RECORDED INFORMATION:

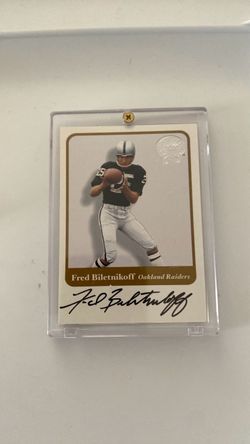 Fred Biletnikoff Autographed Oakland Raiders Football Card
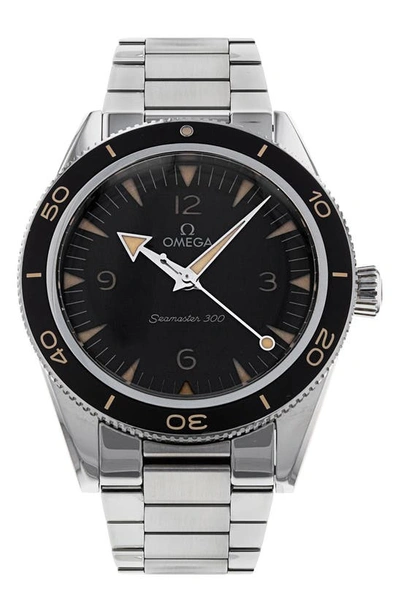 Watchfinder & Co. Omega  Seamaster 300 Bracelet Watch, 41mm In Black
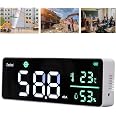 Wall Mount Noise Meter - 30-130dB Sound Level Decibel Tester With Alarm & Large LCD Display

THE TASK: Your reply should hold every line above exactly as written and none of the pictures.

YOUR RESPONSE:
 Fred Biletnikoff Autographed Oakland Raiders Football Card
 Watchfinder & Co. Omega  Seamaster 300 Bracelet Watch, 41mm In Black
 Wall Mount Noise Meter - 30-130dB Sound Level Decibel Tester With Alarm & Large LCD Display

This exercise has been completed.